Me: “Who’s kidding who here, Yum Yum?” (Except I used his really name, Brian – whoops). “Ninety-nine percent of all french fry eaters love fry sauce!” (Based on my made up and biased research – the final one percent being in a coma and eating their french fries through a feeding tube.) “They didn’t just stop eating it. You and yours pulled the switcheroo. ‘Hey, folks, guess what, you have the choice of ketchup, or hey you can have ketchup.’ Give it up Yum Yum, this is about the almighty dollar, isn’t it?”

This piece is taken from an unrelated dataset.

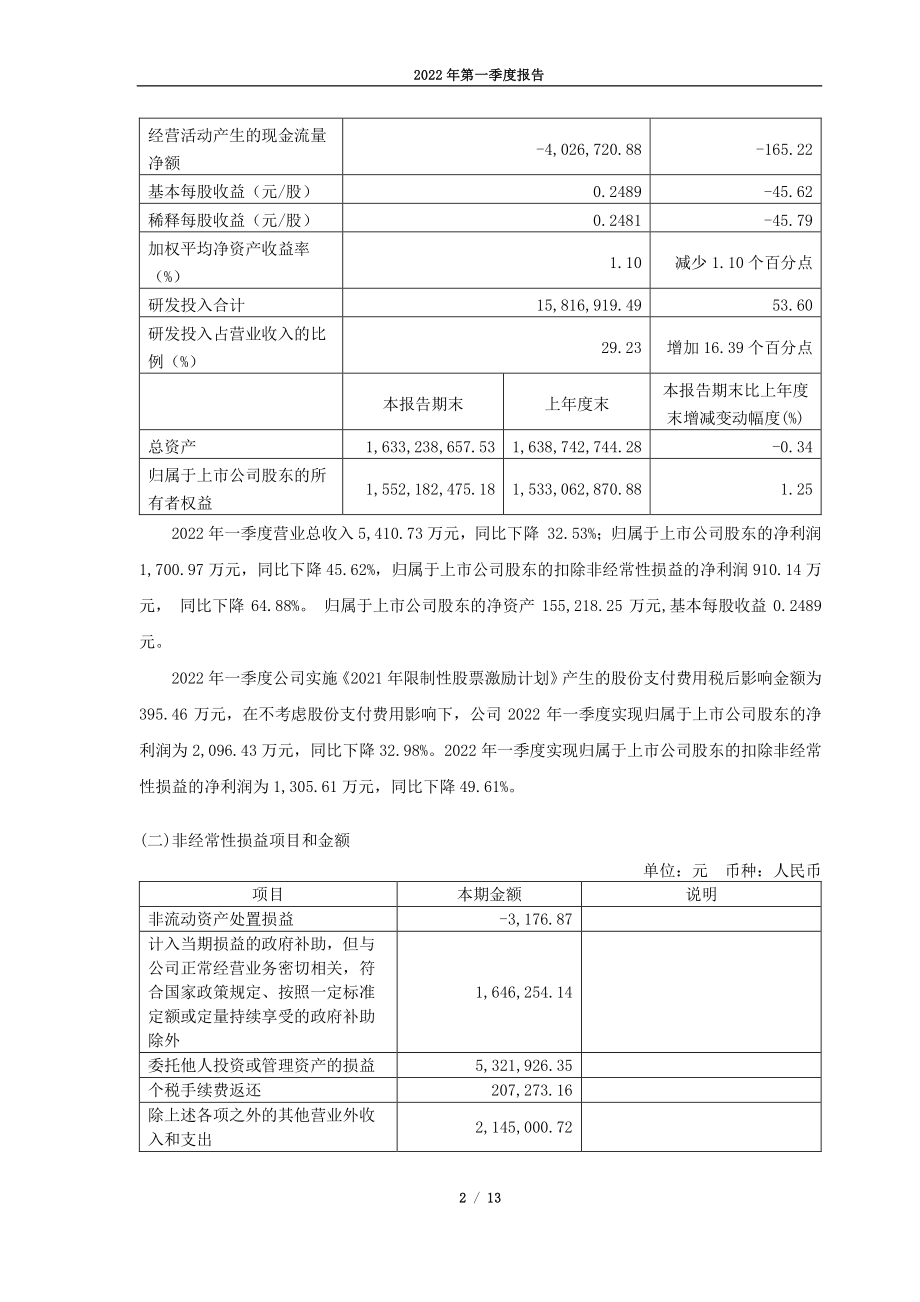 伟思医疗：南京伟思医疗科技股份有限公司2022第一季度报告.PDF_第2页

Bri… Yum Yum: “Okay buddy, you want the truth? Yeah. It is about the money. That burger revolution in the seventies? The one putting all those crazy ideas into the heads of customers? Have it your way? A one-dollar burger they could have made to order? ‘Extra pickles,’ or say, ‘extra onions’. I once had a guy ask for his tomato slice extra thin. Yeah, I was there on the front line. Heard it with my own eyes! ‘Tomato slice extra thin.’ I’ve got cars backed up to the street, and this guy wants his tomato slice extra thin. Well, you don’t get “have it your way” and fry sauce. You know how long it takes to whip up, package and store fry sauce? Thank goodness the majority of us agreed: It’s ketchup and ketchup only. An antitrust violation? An anticompetitive monopolistic maneuver? Complain to your congressperson. Otherwise, welcome to the real world.”
I’m not really sure what happed after that. I came to in an alley tilted against a dumpster with mayo smeared on one cheek and ketchup on the other (and I wish I were talking about my face). But alas, the truth was out.
So a call to arms, my brethren! We gather at the Lincoln Memorial next week, and march united across the mall to the Capital. If not us, who? If not now, well, you get the point. And based on the size of many of our representative’s bellies, I am confident that we will find an attentive audience. A swift, bipartisan solution is at hand!